André Steiner untersucht den Einfluss der wirtschaftlichen Globalisierung auf die Umbrüche in Mittelosteuropa und die DDR. Bereits ab den 1970er Jahren nahmen die Ostblockländer über ihre Verschuldung und Kapitalmarktverflechtung zwar an der wirtschaftlichen Globalisierung teil, waren davon aber nur partiell beeinflusst. Aufgrund der Liberalisierung ihrer Wirtschaftsordnungen waren sie nach "1989" weitaus stärker in den Welthandel und die Kapitalmärkte integriert als zuvor. "1989" war daher sowohl für diese Staaten als auch für die Globalisierung selbst eine klare Zäsur.

Die weiteren Beiträge befassen sich fast ausschließlich mit dem Umbruch in Deutschland. Jutta Braun liefert einen informativen Aufsatz über die Vereinigung im Sport, wo auch Wolfgang Schäuble die Erfolge der DDR retten wollte. Diese Erwartungen wurden teilweise erfüllt, größtenteils aber enttäuscht. Denn eine "Kopie des DDR-Erfolgs war und ist auch deshalb unmöglich, weil ein politisch gelenktes und repressiv abgesichertes Staatsdoping [...] in einem freiheitlich-demokratischen System undenkbar wäre" (142). Das Erbe des DDR-Natur- und Umweltschutzes im vereinten Deutschland untersucht Astrid Mignon Kirchhof. Sie kommt zu dem Ergebnis, dass die Gruppen der unabhängigen DDR-Umweltschutzbewegung im gesamtdeutschen Parteiensystem aufgingen und bestimmte Vorstellungen der ostdeutschen Natur- und Umweltbewegung Anschluss an bundesdeutsche Entwicklungen und Projekte fanden. Offensichtlich bestand in einiger Hinsicht ein Gleichklang zwischen Ost und West auf diesem Gebiet, was auch einen Blick auf die Bundesrepublik nahegelegt hätte.
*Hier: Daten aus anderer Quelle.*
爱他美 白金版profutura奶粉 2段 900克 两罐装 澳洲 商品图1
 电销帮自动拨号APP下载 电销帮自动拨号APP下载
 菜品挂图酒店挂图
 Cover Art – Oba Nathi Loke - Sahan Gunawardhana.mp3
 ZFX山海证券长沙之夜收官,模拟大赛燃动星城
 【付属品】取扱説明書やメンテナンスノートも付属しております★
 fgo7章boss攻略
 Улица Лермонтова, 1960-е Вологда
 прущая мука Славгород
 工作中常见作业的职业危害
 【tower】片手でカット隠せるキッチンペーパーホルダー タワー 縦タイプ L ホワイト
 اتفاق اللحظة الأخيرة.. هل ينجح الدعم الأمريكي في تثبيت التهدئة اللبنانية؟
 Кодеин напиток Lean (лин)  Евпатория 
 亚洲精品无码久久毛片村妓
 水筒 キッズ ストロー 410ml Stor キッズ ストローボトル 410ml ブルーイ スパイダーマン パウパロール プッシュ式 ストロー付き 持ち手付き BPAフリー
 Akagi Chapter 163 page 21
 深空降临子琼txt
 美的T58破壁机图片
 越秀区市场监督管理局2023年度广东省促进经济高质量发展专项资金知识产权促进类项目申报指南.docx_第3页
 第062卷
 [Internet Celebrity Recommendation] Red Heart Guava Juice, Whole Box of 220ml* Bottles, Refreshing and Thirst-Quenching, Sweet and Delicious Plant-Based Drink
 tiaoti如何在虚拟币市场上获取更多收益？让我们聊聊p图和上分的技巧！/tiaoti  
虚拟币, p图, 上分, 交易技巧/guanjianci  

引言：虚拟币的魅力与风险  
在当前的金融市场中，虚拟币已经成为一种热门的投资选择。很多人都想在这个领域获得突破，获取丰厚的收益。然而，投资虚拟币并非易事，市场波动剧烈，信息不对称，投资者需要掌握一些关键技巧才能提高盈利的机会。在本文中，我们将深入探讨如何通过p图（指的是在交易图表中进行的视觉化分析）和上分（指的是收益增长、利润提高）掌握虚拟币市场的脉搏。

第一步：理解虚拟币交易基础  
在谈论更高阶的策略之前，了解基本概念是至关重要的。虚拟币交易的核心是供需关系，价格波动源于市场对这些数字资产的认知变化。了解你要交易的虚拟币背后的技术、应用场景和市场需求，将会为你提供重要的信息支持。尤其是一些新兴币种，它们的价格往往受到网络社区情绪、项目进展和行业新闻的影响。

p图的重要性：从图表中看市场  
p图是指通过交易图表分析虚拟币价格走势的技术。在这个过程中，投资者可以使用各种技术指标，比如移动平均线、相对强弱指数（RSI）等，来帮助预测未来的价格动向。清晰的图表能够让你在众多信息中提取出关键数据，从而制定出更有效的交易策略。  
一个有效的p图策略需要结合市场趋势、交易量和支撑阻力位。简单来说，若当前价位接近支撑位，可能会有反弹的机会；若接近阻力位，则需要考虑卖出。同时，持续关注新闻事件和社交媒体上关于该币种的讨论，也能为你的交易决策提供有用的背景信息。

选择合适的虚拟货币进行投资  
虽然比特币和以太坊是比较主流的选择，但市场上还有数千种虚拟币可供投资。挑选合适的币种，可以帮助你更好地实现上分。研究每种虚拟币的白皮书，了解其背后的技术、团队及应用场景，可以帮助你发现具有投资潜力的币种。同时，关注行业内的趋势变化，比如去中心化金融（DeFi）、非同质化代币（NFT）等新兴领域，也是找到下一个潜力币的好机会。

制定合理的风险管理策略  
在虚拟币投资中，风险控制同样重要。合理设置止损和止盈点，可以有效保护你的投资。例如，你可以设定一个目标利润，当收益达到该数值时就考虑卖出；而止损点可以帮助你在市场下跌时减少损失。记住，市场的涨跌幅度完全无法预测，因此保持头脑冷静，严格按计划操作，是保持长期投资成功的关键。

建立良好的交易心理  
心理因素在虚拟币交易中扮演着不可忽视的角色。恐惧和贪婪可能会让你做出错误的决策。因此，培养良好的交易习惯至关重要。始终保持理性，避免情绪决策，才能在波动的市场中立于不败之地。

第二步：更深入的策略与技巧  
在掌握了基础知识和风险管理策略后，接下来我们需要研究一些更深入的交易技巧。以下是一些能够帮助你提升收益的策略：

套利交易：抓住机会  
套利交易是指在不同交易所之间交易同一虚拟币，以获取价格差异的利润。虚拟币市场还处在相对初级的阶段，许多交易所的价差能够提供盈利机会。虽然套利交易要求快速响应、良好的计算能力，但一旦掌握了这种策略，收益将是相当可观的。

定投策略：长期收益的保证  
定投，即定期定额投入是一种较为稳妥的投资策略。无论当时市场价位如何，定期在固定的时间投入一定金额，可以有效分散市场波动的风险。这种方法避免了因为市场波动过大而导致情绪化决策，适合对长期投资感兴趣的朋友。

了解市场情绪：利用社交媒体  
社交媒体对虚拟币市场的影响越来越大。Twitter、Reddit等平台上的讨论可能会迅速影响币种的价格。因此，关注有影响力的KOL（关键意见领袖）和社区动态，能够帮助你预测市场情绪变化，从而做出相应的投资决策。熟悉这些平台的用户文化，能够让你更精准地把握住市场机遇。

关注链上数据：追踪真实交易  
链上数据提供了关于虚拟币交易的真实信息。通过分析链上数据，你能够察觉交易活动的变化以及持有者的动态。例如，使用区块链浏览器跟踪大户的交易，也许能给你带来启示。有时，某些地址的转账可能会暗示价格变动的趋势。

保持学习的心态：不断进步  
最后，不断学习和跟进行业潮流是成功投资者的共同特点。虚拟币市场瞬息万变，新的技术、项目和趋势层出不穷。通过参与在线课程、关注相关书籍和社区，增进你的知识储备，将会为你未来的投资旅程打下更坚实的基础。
Peter Brandt kommt bei seinem lesenswerten Überblick über die Entwicklung des linken Parteienspektrums in der Bundesrepublik vor und nach der Wiedervereinigung zu dem Ergebnis, dass 1989 zwar eine Zäsur, nicht aber das Ende jeglicher Hoffnung auf Sozialismus gewesen sei. Das linke Parteienspektrum ist Brandt zufolge zwar weiter in Bewegung, aber eine "nachhaltige Belebung der Sozialdemokratie zeichnet sich ebenso wenig ab wie ein folgenreicher Anstoß aus dem linken Spektrum jenseits der Parlamentsparteien" (208). Ob der relative Erfolg der SPD bei den Bundestagswahlen 2021 daran etwas ändert, bleibt abzuwarten.

Matthias Warstat widmet sich in seinem Blick auf die Berliner Theater 1989/90 sowohl der Rolle der Schauspieler in der friedlichen Revolution - insbesondere für die Großdemonstration auf dem Alexanderplatz am 4. November - als auch dem strukturellen Wandel der Theaterlandschaft nach der Wiedervereinigung, die von Fusion und Konzentration geprägt war. Dass beides zusammenhing, geht aus folgendem Satz eindeutig hervor: "Einen Staat in Frage zu stellen, wie es sich auf den Demonstrationen des Winters 1989/90 immer deutlicher abzeichnete, bedroht früher oder später auch das Staatstheater, dessen institutionelle Existenz an den Staat gebunden ist" (226).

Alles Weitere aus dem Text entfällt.